A lot of police officers, and not a few prosecuting and defense attorneys, believe that Terry v. Ohio means that if you can stop 'em, you can frisk 'em. Not so. The courts have rather consistently observed that each of the intrusions permitted by Terry - the stop, and the protective search for weapons - requires an independent basis: even where a reasonable suspicion of criminal activity exists, a frisk is not permitted unless the officer can point to evidence which would lead a "reasonably prudent police officer" to believe that the suspects he's encountered are armed and dangerous. For example, in State v. Scaggs, the court agreed with the trial court's assessment that while a suspicion of criminal activity arose from defendant's crouching down behind a car, there was nothing to justify a frisk for weapons.

To be sure, it's not common for the courts to split the baby and find that reasonable suspicion existed for a stop, but not for a frisk. That's due in large part to understandable deference to concerns for safety of police officers, a concern highlighted by Judge Corrigan's dissent in State v. Jones, the case I relied upon in my hearing. In Jones, the police observed the defendants flagging down cars in the proverbial "high crime area," an activity that, as every criminal defense lawyer knows, is "consistent with drug activity." The officers approached the defendants and immediately patted them down. The majority agreed that while the officers had a sufficient basis for a stop, they didn't have any basis for a frisk. 

At first blush, it appears that Judge Corrigan gets the better of the argument. He's correct in his observation that prior case law holds that, because of the frequent link between drugs and weapons, a frisk is "virtually automatic" in cases where drug activity is suspected.

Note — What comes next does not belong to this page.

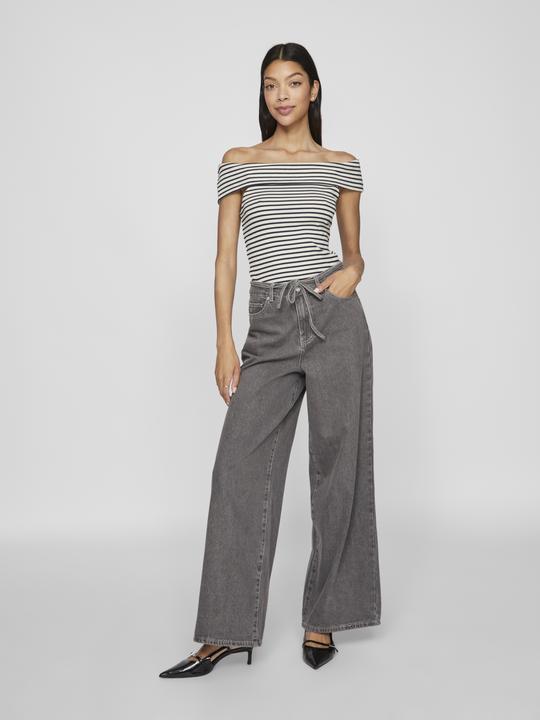 Immagine prodotto Vila Top off-shoulder a righe (XS)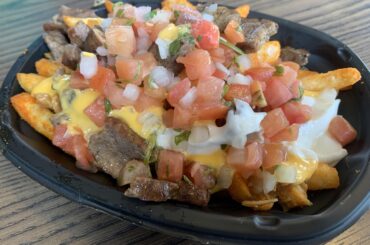 Steak Aardvark Fries FTW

On the other hand, there's some reason to question the "automatic" nature of that link; as the majority points out, the officer testified that of the couple of hundred arrests he had made for drug dealing, only "five or six" turned up weapons. What's more, it could be argued that the majority was too quick in conceding the reasonableness of the stop. The officers had seen nothing more than the defendants waving at vehicles - no cars stopping, no exchanges - and they didn't do anything upon the approach of the officers which corroborated any indication of criminal activity. While there was nothing to keep the police from engaging in a "consensual encounter," contending that the circumstances gave them sufficient grounds for a stop might arguably be a stretch. (State v. Scott gives an excellent explanation of the difference between a consensual encounter, a stop, and an arrest.) 

There's certainly a valid argument in favor of deference to the police on this score: they're the ones putting their lives on the line. On the other hand, a frisk poses a substantially greater intrusion upon privacy than even a vehicular stop. (If you don't believe me, imagine your neighbors driving by while you're sitting in your car with a police black-and-white with its lights flashing parked behind you. Now imagine your neighbors driving by while the police have you spread-eagled on your car, patting you down.) Given that a recent study of the NYPD showed that of every nine stop-and-frisks the police there made, only one resulted in an arrest, there's a serious question of whether the societal benefit of giving the police greater leeway in this regard is worth the costs.